I was working at the Battlefront Arts Collaborative on the East Side when she walked in and pointed at me. My boss, struck by the great Ramirez entering his humble storefront, ran up to her and began chattering about some other, more suitable, more experienced members of the collaborative that might be a better fit for her. Ramirez wouldn’t hear of it. She gave my boss an index card with a time and place on it, and he passed it on to me. She spoke no words to me that day. Even when I showed up at the address the next morning, she came in and said nothing. There was a wall of brushes on the other side of the room, and against the wall, there were hundreds of cups with paint in them. Every color of Creation.

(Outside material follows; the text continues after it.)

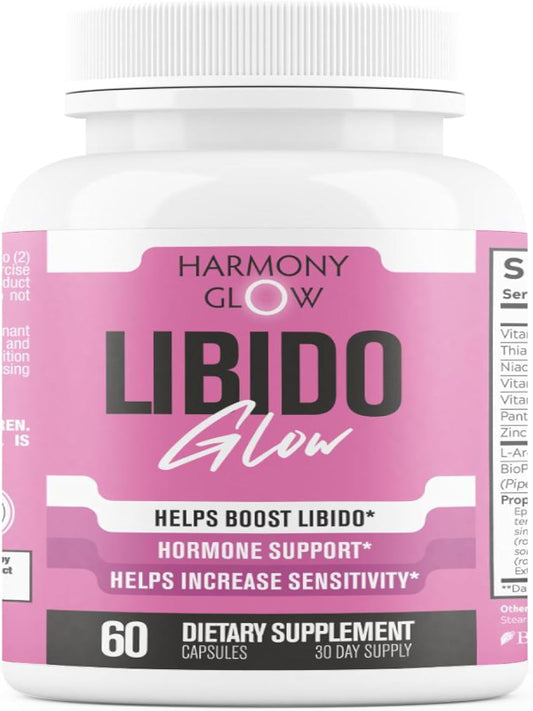 Harmony - Libido GLOW - Max Strength Libido Booster for Women | Heighten Sensitivity, Reduce Dryness, Energy Booster, Boost Desire & Mood | 9 Ultra Ingredients for Fast Results - 60 Capsules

She chose a brush, dipped it in a fuschia, and walked over to the wall. She began to paint. I stood there, not sure of what to do. Not sure of myself. I saw that a small brush had been set aside on the floor with my name on it. Next to it were two cups of color--both versions of gray. I bent down to pick up the brush. Following her lead, I dipped it in the lighter of the two grays, and made my way to the wall. Once there, I froze. What was I to do? What were we painting? Ramirez came over, took my hand, and moved it assertively across the wall placing a diagonal streak over what had been simply white.
That was the only cue I needed. I began to paint out from the streak. Ramirez worked on her side of the wall making her famous shapes--triangles, squares, etc. On my side, I found variations on the gray stroke. I found lines, dots, and curves. This was what interested me back then. I concentrated on beginnings and endings. Things that end before they begin. Things that never begin at all. When the day was done, Ramirez handed me an index card. Written on it was the directive “Choose two colors” and an email address where I could send my selections. It was not her email address. I would never be given a way to contact her directly. She exited the room. I looked at the wall. There was a conversation happening, but one side wasn’t listening. It wasn’t my side. My side was dying to be heard.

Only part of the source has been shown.